Assuming that no one else would be able to take the time to follow an artist’s itinerary, I planned to travel alone. However, at an art show opening in June 2001, John Pitcher asked to join me. John was (and still is) a leading U.S. wildlife artist and virtuoso field painter (plein air). We set off from Barclay Bay on Lake Missinaibi on August 24, 2001.

Painting with someone of John’s caliber was wonderful. We didn’t do as much plein air as planned due to being slowed by very low water, but we became fast friends and were having a great time sharing ideas for studio paintings and talking of future expeditions with crews of more artists. At Mattice, a nagging hand injury and concern for gallery commitments lead John to regretfully decide to return south. We sat in the Empire Hotel bar as I contemplated continuing solo for the run north to James Bay over a Molson or two. It was far more sobering with the river flowing away into deep wilderness right outside the door than bravely talking about it at artsy wine and cheese parties. However, I was going and I knew it; I just needed reassurance that it wasn’t nuts. John and the beer helped. I waited out three days of rain and set off September 4.
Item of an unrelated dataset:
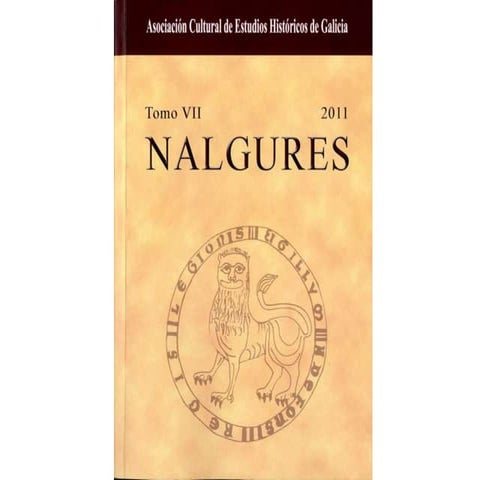 Nalgures n7 2011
My first evening alone on the Missinaibi River was the most moving painting experience – not the inspiration, but the act of painting – of my life and I suspect it always will be. In all of my paddling, I’d never been north of Mattice before and the solitude lent a potently heightened edge to every stroke and rapid. As I set camp at Kettle Falls portage, it all came down, striking as waves of intense loneliness. Trying to shake it off, I kept to routine and started dinner cooking but the melancholy hung tough. Looking up from the fire and out over the river, the sinking sun was lighting the forest on the far bank. The cook water wasn’t boiling yet, so I grabbed my painting kit and set up. Tending to dinner in between acrylic washes, I focused doggedly to keep the blues at bay and worked fast to catch the light (View North below). Just as I was starting to sense that the piece possibly wasn’t going to be junk, the loneliness very suddenly started to evaporate.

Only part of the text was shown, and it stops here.